PRESIDENT Bush is such a driving force in his own administration that he's been obscuring those around him. Yet in the change from Reagan detachment to Bush involvement the president's ``heavy hitters'' are beginning to emerge. Here are George Bush's ``Big Five:'' Secretary of State James Baker, Secretary of Defense Richard Cheney, National Security Adviser Brent Scowcroft, Director of the Office of Management and Budget Richard Darman, and Chief of Staff John Sununu.
And here are the President's ``Rising Stars'': HUD Secretary Jack Kemp and Press Secretary Marlin Fitzwater.
This time during the Reagan administration, the ``troika'' of James Baker, Mike Deaver, and Ed Meese were Ronald Reagan's No. 1 people.
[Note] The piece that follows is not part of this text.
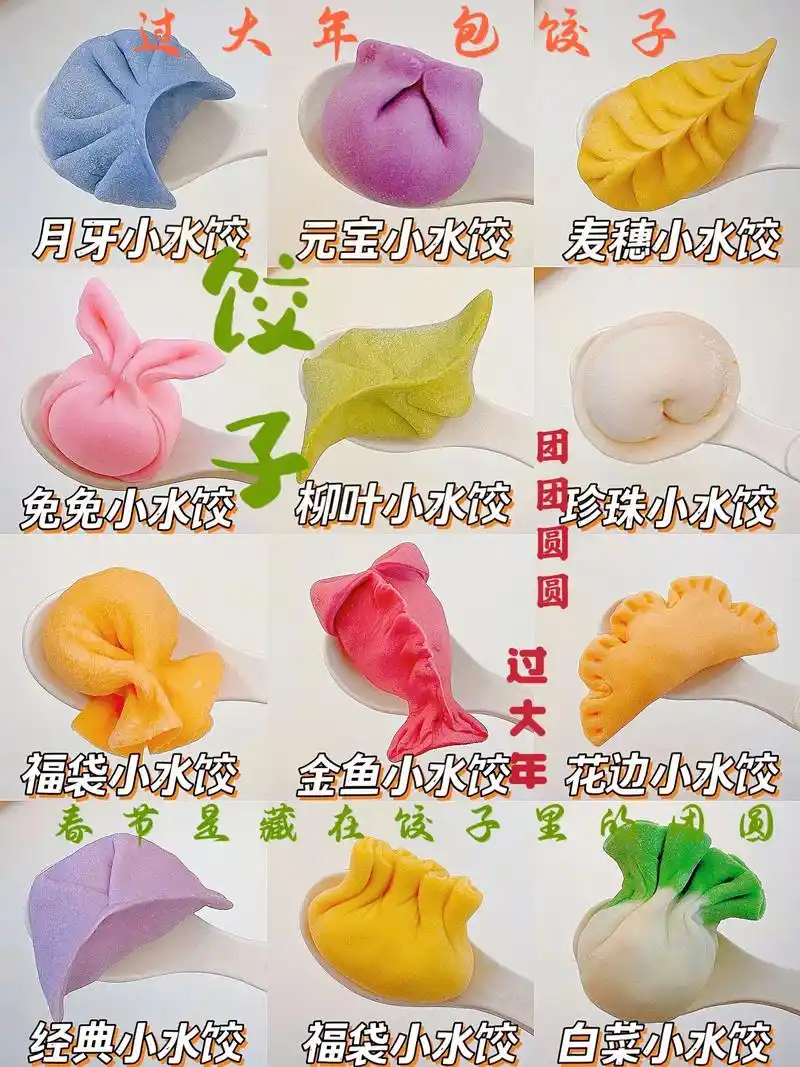 新年花样水饺09造型可爱做法简单一学就会.#彩色饺子 新年的 - 抖音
Mr. Reagan's detached style gave those close to him tremendous clout.
Mr. Sununu has the influence stemming from frequent and ready access to Mr. Bush, and he plays a vital role in making this administration work. But he doesn't - and couldn't if he wanted to - flex his muscles and shape the administration's agenda the way members of that Reagan ``troika'' did. Nor does Sununu possess their high visibility.
Baker, as a former chief of staff and treasury secretary is someone that Bush turns to for counsel on a wide array of subjects - domestic as well as foreign. And he does. In ``all-around'' capacity, Baker has the most clout - Bush's No. 1.
Defense Secretary Cheney is No. 2. This clout goes with the job, in part. But Mr. Cheney is another official who has previously served with Bush. And Bush particularly values Cheney's congressional experience and his advice on how best to deal with Congress.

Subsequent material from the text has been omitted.